Using a model to frame the patient’s personal and situational characteristics enables practitioners to provide the best care and to facilitate the recovery process. Usually, athletic trainers know their patients very well, because they see them often (on a daily basis). As athletic trainers move into nontraditional work settings (e.g., the military, corporate settings, mobile health), this advantage may diminish, and efforts to get to know the patient will resurface as a priority. Understanding an individual patient’s needs by referencing a stress-based model, such as the cognitive appraisal model, the biopsychosocial model, or self-determination theory, facilitates a plan of recovery that is comprehensive, including implementation of psychosocial skills.

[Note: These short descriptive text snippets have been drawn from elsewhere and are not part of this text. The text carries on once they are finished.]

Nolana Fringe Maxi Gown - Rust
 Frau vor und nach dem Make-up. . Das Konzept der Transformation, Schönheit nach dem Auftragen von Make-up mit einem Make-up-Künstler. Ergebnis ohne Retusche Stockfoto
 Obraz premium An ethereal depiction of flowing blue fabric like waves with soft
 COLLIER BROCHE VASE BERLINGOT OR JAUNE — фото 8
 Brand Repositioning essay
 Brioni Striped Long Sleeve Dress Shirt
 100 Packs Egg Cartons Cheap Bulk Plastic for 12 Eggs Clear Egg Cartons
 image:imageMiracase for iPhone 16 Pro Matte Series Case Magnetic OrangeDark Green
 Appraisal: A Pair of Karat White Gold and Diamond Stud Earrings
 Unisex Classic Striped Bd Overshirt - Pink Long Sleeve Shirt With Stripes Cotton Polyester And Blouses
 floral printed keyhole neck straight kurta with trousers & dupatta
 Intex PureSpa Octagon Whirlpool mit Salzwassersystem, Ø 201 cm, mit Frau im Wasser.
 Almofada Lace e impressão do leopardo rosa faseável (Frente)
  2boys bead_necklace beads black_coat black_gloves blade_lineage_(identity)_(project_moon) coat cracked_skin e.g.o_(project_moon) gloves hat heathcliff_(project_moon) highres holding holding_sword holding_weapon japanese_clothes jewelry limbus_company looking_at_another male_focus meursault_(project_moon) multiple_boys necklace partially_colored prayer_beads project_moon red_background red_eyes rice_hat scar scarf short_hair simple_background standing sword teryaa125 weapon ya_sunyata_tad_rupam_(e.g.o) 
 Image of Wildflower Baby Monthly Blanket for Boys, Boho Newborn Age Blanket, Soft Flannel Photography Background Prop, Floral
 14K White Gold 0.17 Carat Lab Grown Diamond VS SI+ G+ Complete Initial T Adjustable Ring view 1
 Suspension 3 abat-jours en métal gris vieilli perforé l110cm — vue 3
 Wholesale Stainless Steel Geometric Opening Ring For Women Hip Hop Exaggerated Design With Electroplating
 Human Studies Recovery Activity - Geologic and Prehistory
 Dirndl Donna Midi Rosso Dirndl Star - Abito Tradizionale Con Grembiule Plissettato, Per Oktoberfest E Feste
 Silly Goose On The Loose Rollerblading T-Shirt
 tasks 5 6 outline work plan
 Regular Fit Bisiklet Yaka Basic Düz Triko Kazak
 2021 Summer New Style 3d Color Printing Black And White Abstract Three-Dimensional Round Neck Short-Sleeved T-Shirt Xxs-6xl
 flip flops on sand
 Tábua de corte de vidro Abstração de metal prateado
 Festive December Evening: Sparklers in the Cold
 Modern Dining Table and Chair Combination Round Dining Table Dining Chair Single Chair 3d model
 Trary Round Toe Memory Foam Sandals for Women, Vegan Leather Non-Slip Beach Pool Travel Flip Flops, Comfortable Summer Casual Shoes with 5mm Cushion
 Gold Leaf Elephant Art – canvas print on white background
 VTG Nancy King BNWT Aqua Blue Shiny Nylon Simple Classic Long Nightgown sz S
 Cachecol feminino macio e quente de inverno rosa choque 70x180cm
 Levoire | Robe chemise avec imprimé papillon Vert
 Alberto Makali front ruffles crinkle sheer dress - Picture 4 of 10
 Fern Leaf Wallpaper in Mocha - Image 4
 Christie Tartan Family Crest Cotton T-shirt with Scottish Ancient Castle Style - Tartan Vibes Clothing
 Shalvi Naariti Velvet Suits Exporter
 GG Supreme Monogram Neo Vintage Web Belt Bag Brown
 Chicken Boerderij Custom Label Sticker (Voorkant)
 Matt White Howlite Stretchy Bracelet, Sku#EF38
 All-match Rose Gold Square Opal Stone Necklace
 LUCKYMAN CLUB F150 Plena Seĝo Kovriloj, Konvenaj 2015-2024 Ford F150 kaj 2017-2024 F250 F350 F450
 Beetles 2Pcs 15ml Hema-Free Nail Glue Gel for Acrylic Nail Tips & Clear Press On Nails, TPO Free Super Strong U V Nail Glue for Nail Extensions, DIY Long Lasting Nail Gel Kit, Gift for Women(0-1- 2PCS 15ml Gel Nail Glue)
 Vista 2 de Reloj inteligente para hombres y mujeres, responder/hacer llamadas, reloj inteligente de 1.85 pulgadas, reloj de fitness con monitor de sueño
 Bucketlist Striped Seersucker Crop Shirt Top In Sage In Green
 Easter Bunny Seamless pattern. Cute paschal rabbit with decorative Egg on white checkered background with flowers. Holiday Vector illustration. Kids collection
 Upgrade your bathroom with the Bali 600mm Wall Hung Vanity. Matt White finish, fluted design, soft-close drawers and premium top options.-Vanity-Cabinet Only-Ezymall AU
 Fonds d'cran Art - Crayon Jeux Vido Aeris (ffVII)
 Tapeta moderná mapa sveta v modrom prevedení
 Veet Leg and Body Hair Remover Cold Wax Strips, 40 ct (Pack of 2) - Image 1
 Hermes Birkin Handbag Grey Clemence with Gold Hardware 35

Selecting a model to guide patient care is only half the battle; once the model is selected, the athletic trainer must identify the areas of impact on patient care. Generally, areas of impact are the elements of the recovery experience that the athletic trainer can intervene in, or improve for the patient. For example, when a postsurgical patient is experiencing pain, the athletic trainer can implement a relaxation or breathing technique with the patient that has the potential to minimize the perception of the pain. Additionally, the athletic trainer could educate the patient about pain control using association or dissociation techniques. Either way, this is an area in which care providers can affect the patient experience positively, potentially improving patient adherence to, and compliance with, the therapy regimen. Each of the aforementioned models is thoroughly reviewed in this article.
Another area of impact might be biological, such as poor nutrition or hydration. In this case, the athletic trainer educates the patient on how the biological factor plays a role in the recovery process and how the patient has control over this feature of healing. In this example, patient education is the psychosocial strategy applied to facilitate recovery. (More examples of areas of impact are given in the description of each model.)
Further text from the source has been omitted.